Southeastern Section - 74th Annual Meeting - 2025

Paper No. 40-5
Presentation Time: 1:00 PM-5:00 PM

THE UPS AND DOWNS OF EARLY SILURIAN BIODIVERSITY: NEW INSIGHTS FROM THALLIUM ISOTOPIC RECORDS OF SOUTH CHINA AND BALTOSCANDIA


EVENSON, Nathaniel1, GOODIN, Jay2, ZHANG, Junpeng3, OWENS, Jeremy D.4 and YOUNG, Seth A.4, (1)Department of Earth, Ocean, and Atmospheric Science, Florida State University, Tallahassee, FL 32306, (2)Florida State University, 1800 E Paul Dirac Dr, Tallahassee, FL 32310, (3)Nanjing Institute of Geology and Palaeontology, Chinese Academy of Sciences, East Beijing Road 39, Nanjing, Jiangsu Province, Nanjing, 210008, China, (4)Department of Earth, Ocean, and Atmospheric Science – National High Magnetic Field Laboratory, Florida State University, Tallahassee, FL 32306

In the early Silurian (Llandovery Epoch) biodiversity was low immediately following the Late Ordovician Mass Extinction. After the first 2 to 3 Myr of the Llandovery, marine fauna began to recover in what is called the Rhuddanian-Aeronian Radiation Event.
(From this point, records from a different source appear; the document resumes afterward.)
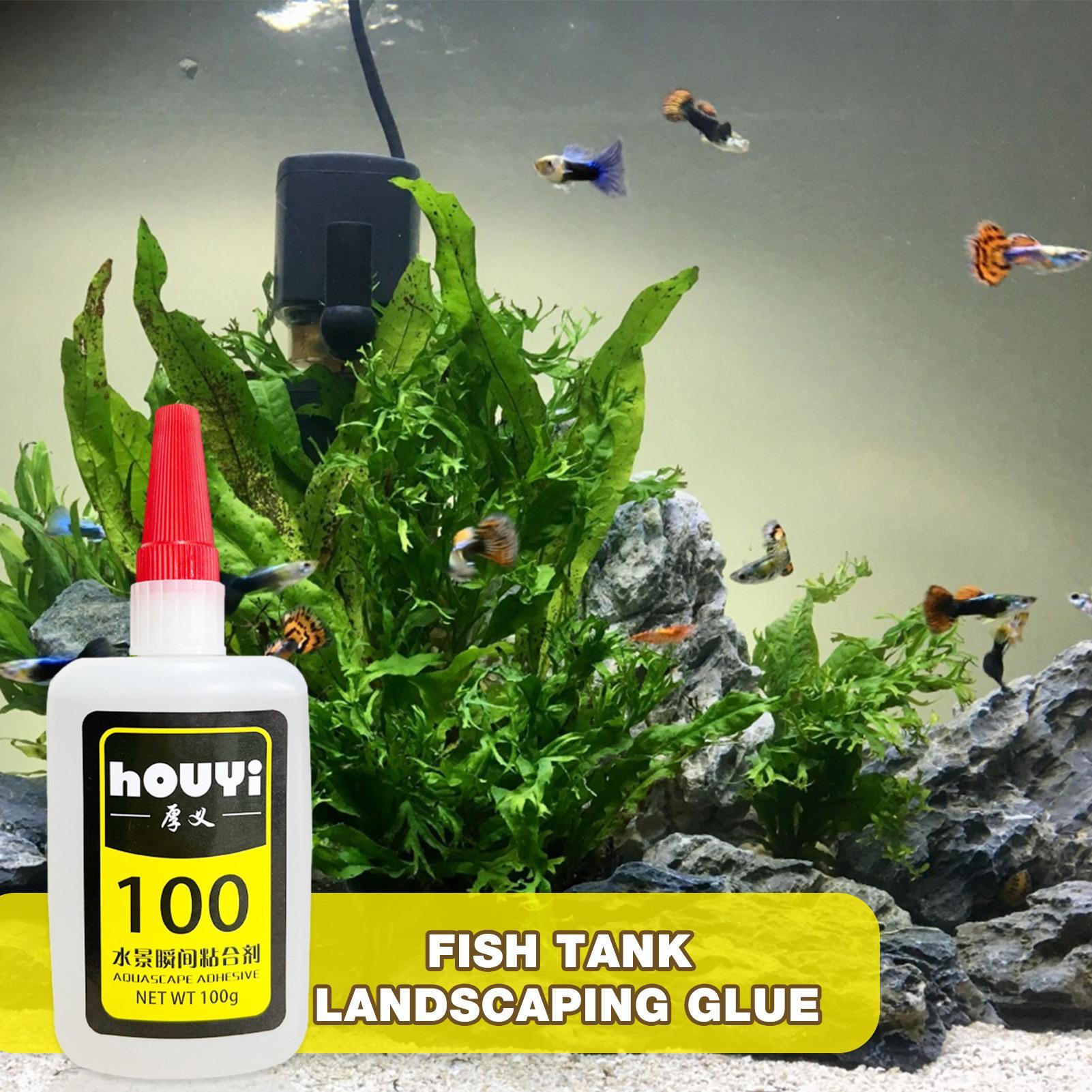 Cola instantânea transparente  - Planted Aquarium Aquascape avaliação e preço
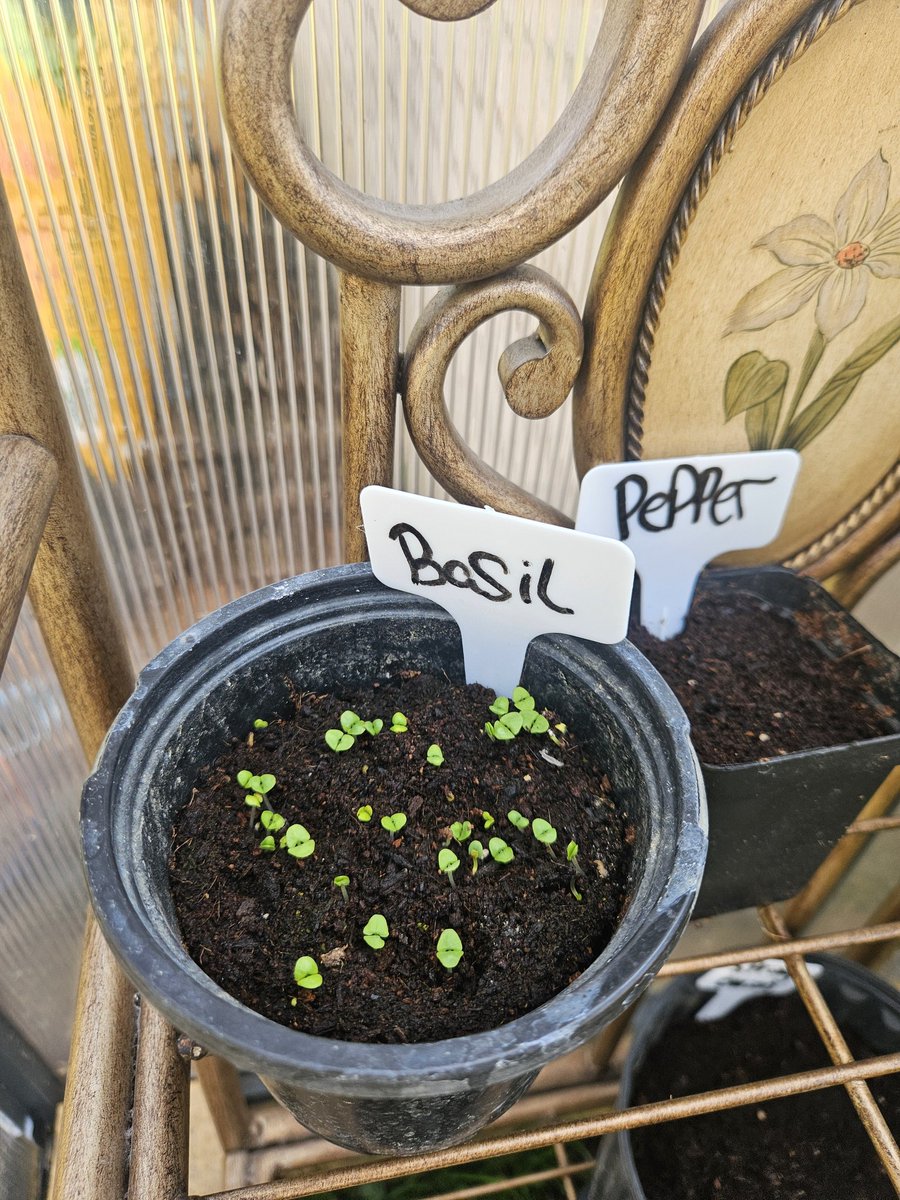 MandyFrizzle tweet media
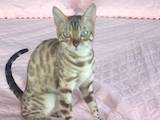 Кошки, котята Бенгальская, цена 30000 Грн., Фото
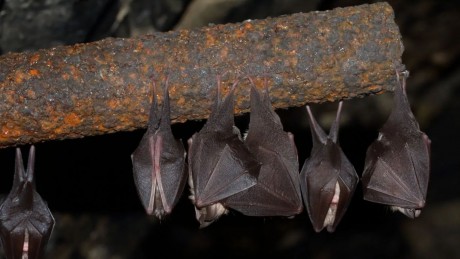 A denevérek helyzete hazánkban – folytatódnak az ismeretterjesztő Vadvédelmi esték a Sóstón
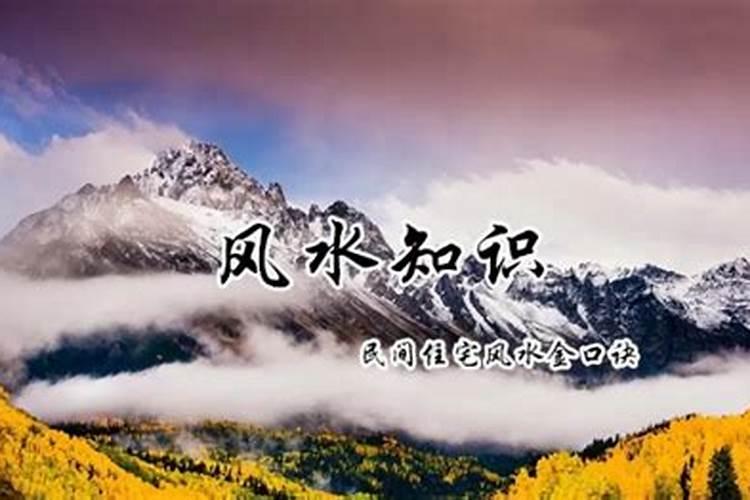 真童子的人生最后结局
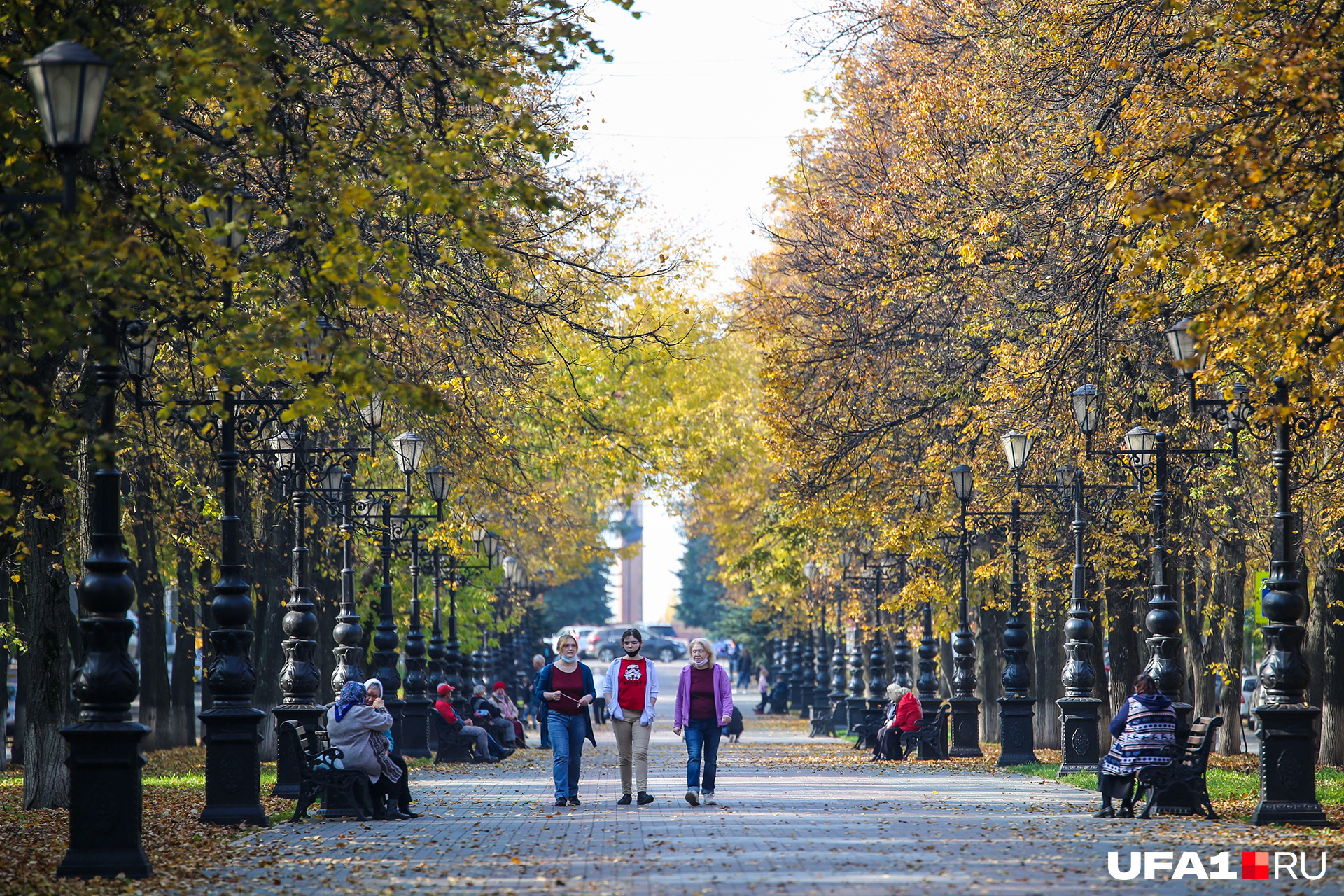 Фото о черниковке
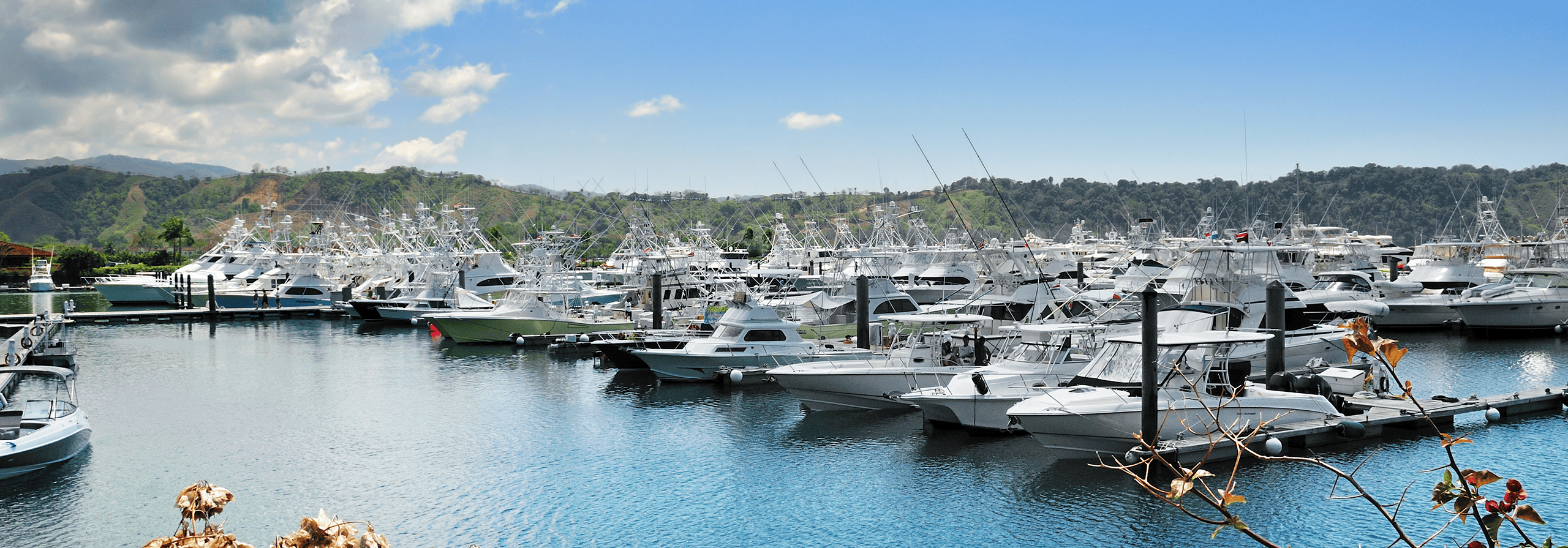 Sportfishing boats in Los Suenos Marina, Raco, Costa Rica, Central America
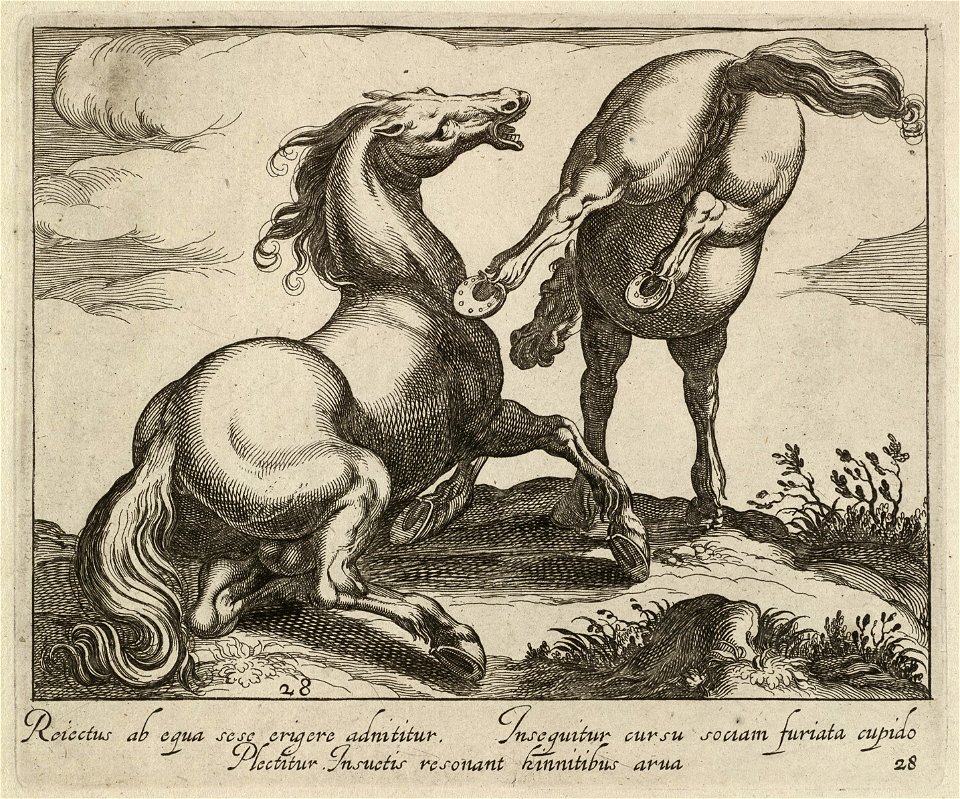 Landschap met twee paarden op een heuvel, één van hen ligt, naar rechts gewend. Het andere paard bokt en is op de rug gezien. NL-HlmNHA 1477 53011516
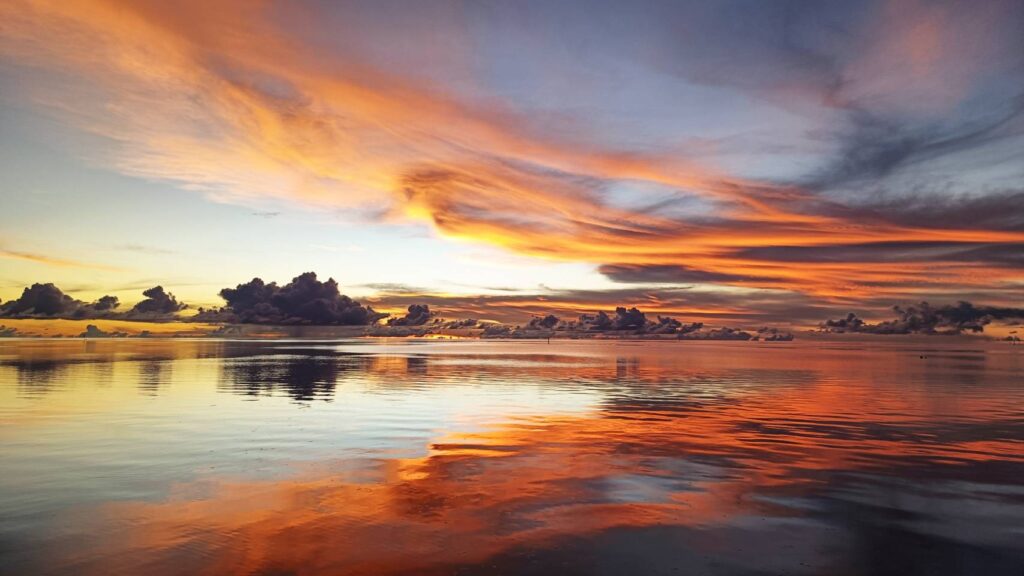 帛琉總統惠恕仁VS楊文琪 歡迎台人成為帛琉「數位居民」 3 285683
In the late Aeronian stage of the Silurian, this diversification was paused by the Sandvika/sedgwikii Event, a period of extensive biotic turnover among major marine groups such as graptolites and brachiopods. The prevalence of organic-rich shales and evidence for globally reducing conditions at the Ordovician-Silurian boundary indicates that marine (de)oxygenation may have played a significant role in the biodiversity changes throughout the Llandovery. Previously there had been little global evidence to support this hypothesis, but now with the application of the novel Tl redox proxy to marine shales covering the entire Rhuddanian-Aeronian interval, we can begin to unravel the impacts of global (de)oxygenation of marine bottom waters on early Silurian marine biodiversity.

Geochemical analyses of organic-rich shales from drill cores in the Baltic (Aizpute-41) and South China (Lu-205) indicate bottom waters were locally reducing at both locations during the early Rhuddanian through late Aeronian. Authigenic seawater Tl isotopes are recorded under such conditions and track the degree of global Mn-oxide burial. When fewer Mn-oxides are being buried, the Tl isotopic ratio is further from the modern well-oxygenated marine value, indicating more reducing conditions globally.

Exciting new data from these drill cores suggests that the biotic low in the Rhuddanian is contemporaneous with much less Mn-oxide burial than in modern oceans, indicating global oceans were more reducing. During the Aeronian, Mn-oxides became more abundant, indicating global oceans were less reducing than before. This change is contemporaneous with both the radiation and extinction events. The Aeronian period also appears to experience more dynamic redox conditions than the Rhuddanian, suggesting that the marine redox and climate history in the early Silurian is more complex than previously understood.